Re: Indexing Documents which has Attachments and are Refered many times!!

Posted by Shaghayegh Sahebie <sh...@yahoo.com>.

thanks Jason and Steve;
maybe i didn't understand your solution well, but in this system a document is refered many times (we have a refer description wich we should index it also) and each time a document is refered i should update it in the lucene index and so i should delete it and then index it again. and it means deleting and indexing this document many times. i think indexing is time consuming. 
and as another question can lucene have different value for one of it's fields? 'cause i refer a doc many time and i need many refer fields(but i don't know how many) in one documents fields. and i can not e.g. concat all the refers in one feld 'cause i may have other constraints on a refer and doument also (e.g. give me the documents which they have word "foo" in their refers and the refer of them which has this wordis on "yyyy/mm/dd" date. if i concat the refers i may find a refer which has the word in it but another refer of this document is on the given date. i mean i should know which refer is on which date and also other fields of a refer other than date. the same is true for attachments) on the date of a refer an

i think the main problem i got is that lucene can not handle joins and i think i need joins.

regards 
--Shaghayegh

Steven Rowe <sa...@syr.edu> wrote: As Jason says, you can structure each Lucene document with one Field per
content type, and index all data that way.  The database is not required.

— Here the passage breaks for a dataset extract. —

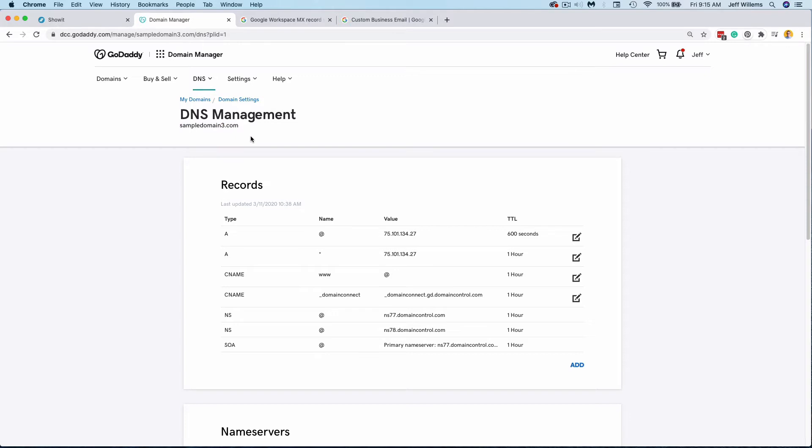So in order to launch your ShowIt site, you'll need to ensure that you have a domain that is hosted with a domain registrar. That could be GoDaddy, Hover, Google Domains. Even if you're coming over from something like Squarespace or Wix, you can usually continue to host your domain there with them and point that domain to ShowIt servers to display your new site.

To address your search complexity concern, you can create queries that
search only those Field(s) the user wants -- there is no need to have a
Field for each possible combination of content type.

Steve

Jason Polites wrote:
> Maybe I'm not understanding your requirement, but this should be fairly
> simple in Lucene.
> 
> Each document in your document management system would be represented by a
> single Lucene document in the index.  Each lucene document will then have
> several fields, each field representing the values of the "meta data"
> associated with your document in the document management system.
> 
> For example:
> 
> Lets say you have a document which has the following structure:
> 
> Title: Sample Document
> Date: 01/01/2006
> Attachment: Some attachment (this is the content of the attachment)
> Attachment: Some other attachment
> Refers: Mr X
> Refers: Mr Y
> 
> Your Lucene document would have the same structure.  All of these items in
> your "real" document would simply be Fields in the lucene document.
> 
> In the case of your attachments, you could also consider indexing them
> separately (as well).  This way users could search for attachments without
> needing the documents to which they are attached.
> 
> If your attachments ARE documents (that is, your just have a foreign key
> style relationship between two documents), then you would simple index each
> "real" document as a separate document in lucene and add some sort of
> reference field which contains the ID of all related documents.
> 
> For Example:
> -------------------
> ID: 123
> Title: Sample Document
> Date: 01/01/2006
> Attachment: 456
> Attachment: 789
> Refers: Mr X
> Refers: Mr Y
> --------------------
> ID: 456
> Title: Other Document
> Date:.. etc etc...
> 
> The one thing to be mindful of is re-indexing existing documents.  If you
> have document that is already indexed and you want to make a change (eg you
> want to add a new "refers" value), then you need to re-index the entire
> document.  This means you need to either "store" all fields you want to
> keep
> during re-indexing (which is typically all of them), or you need to
> re-index
> the document from its source. Storing all the data in the index can have
> adverse effects on the performance of the index however. (hope this makes
> sense).
> 
> 
> 
> On 8/12/06, Shaghayegh Sahebie  wrote:
>>
>> Hi all;
>> We have got a Document management system and we want to build a search on
>> it. We have tree kind of content in our system: Refers, Documents and
>> Attachments. A document can have multiple attachments and can be
>> Refered to
>> many users.
>> Our users want to be able to search on documents attachments and refers.
>> for example they want to search the Documents which are created at
>> "2006/07/06" date and have the word "Lucene" in it or their Refers and
>> are
>> Refered to Mr.x.
>> Our users want to be ale to search in all 8 possible selections of
>> Document, Refer and Attachment, I mean they want to be able to search
>> just
>> in Refers, in both Refers and Documents, ...
>> How can we handle it?
>> I thaught to store diferent kinds of Docs in a DB, search in the DB at
>> first and search in Lucene based on DB results and phrases given to
>> search
>> (Handling Document, Refer or Attachments parts in a DB search). But
>> the DB
>> results maybe so big and i don't know if a Lucene query can have these
>> much
>> of search Terms.
>> Another way is to Index each document, refer and attachment in the
>> index 8
>> times(all the possible selections of Refer, Document and Attachment) but
>> this way has lots of redundancy even more than 8 times! 'cause each
>> Document
>> is indexed "8 * Refer number of Document" times.
>> I really don't know what to do, Any suggestions Please?
>>
>> Thanks in advance


---------------------------------------------------------------------
To unsubscribe, e-mail: java-user-unsubscribe@lucene.apache.org
For additional commands, e-mail: java-user-help@lucene.apache.org



 			
---------------------------------
Do you Yahoo!?
 Everyone is raving about the  all-new Yahoo! Mail Beta.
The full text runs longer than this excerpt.